It’s a sad day when it’s breaking news that a U.S. president has called a newly elected Prime Minister, of a strong U.S. ally, to congratulate him on his election victory. Well, today that has happened. I don’t accept that as the new norm. In the meantime, yesterday, 150 or more U.S. Congressional representatives sent a congratulatory letter to Israeli Prime Minister Benjamin Netanyahu on his victory. The U.S. Representatives also reiterated that Israel is our ally. Once again, it’s sad when that makes news, and that we have to reiterate to Israel that we are strong supporters. Here’s more on the letter that U.S. Representatives sent. CVP
Washington Free Beacon Over 150 members of the House of Representatives sent a letter to Prime Minister Benjamin Netanyahu on Wednesday congratulating him for his party’s success in Tuesday’s Israeli elections.

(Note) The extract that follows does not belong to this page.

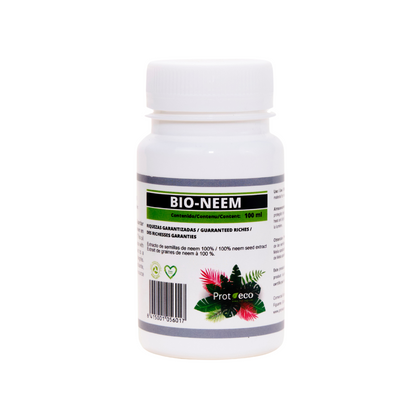 Aceite de neem ecológico para plantas Bio Neem Prot-eco 100 ml + pipeta dosificadora 5 ml gratis_0
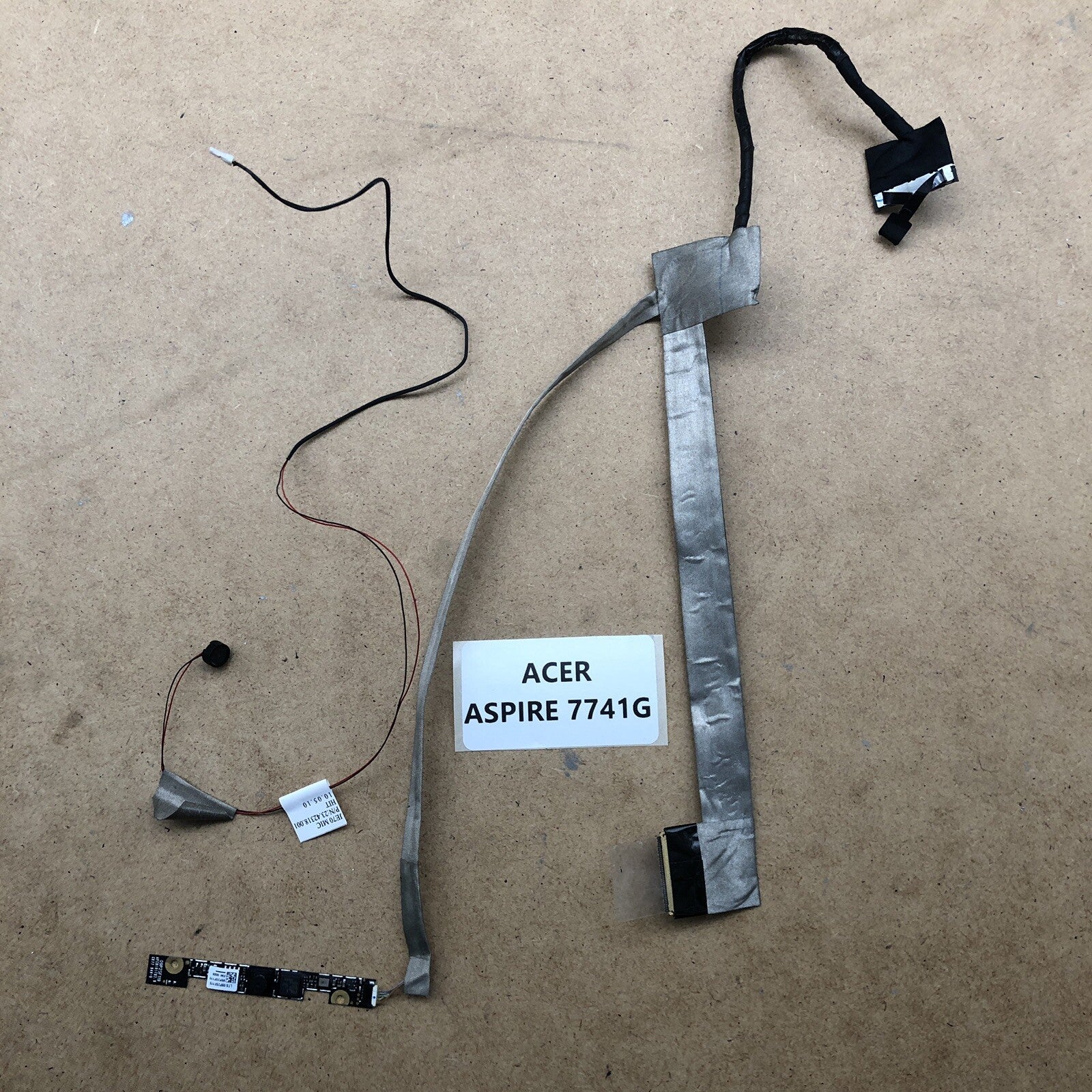 Connecteur écran + micro - Acer Aspire 7741G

“Your victory was no doubt hard-fought and well-earned,” said the letter. “We wish you the best of luck in forming a new government.”
The letter was organized by Rep. Ron DeSantis (R., Fla.) and included signatures from Rep. Steve King (R., Iowa) and Rep. Ileana Ros-Lehtinen (R., Fla.), among others.
“Please know that we are committed to maintaining a strong relationship with Israel,” said the letter. “As you pointed out to us earlier this month, the United States and Israel face common enemies in the form of militant Islamic states such as Iran and Islamic jihadists groups such as Hezbollah and ISIS. We believe that a strong United States-Israel relationship is vital in combating these threats.”
DeSantis also issued a separate statement on Wednesday criticizing President Obama for delaying congratulating Netanyahu.
“The White House has so far failed to recognize the Prime Minister’s success, and this silence has been deafening,” said DeSantis. “It is my hope that the President will put personalities aside, congratulate Prime Minister Netanyahu, and work to repair the relationship between the White House and Israel.”
Obama has not yet called Netanyahu to congratulate him, reportedly because the White House is still waiting for Israel to form its new governing coalition. However, the White House did publicly criticize Netanyahu on Wednesday for allegedly trying to “marginalize Arab-Israeli citizens” in the elections.
The Israeli Prime Minister called on his supporters to go out and vote on Tuesday, in order to counterbalance a group of foreign-funded NGOs that were working to increase voter turnout in the traditionally anti-Likud Arab-Israeli communities.
Several of these NGOs have received funding from the U.S. State Department. A bipartisan committee in the Senate has launched an investigation into whether any U.S. government money was used to try to influence the Israeli elections.
Josh Earnest, the White House’s spokesman, told reporters that Netanyahu’s comments were “divisive and I can tell you that these are views the administration intends to communicate directly to the Israelis.”
Netanyahu told NBC’s Andrea Mitchell on Thursday that he had received a congratulatory call from Secretary of State John Kerry, and expected that he might receive a call from Obama in the coming days.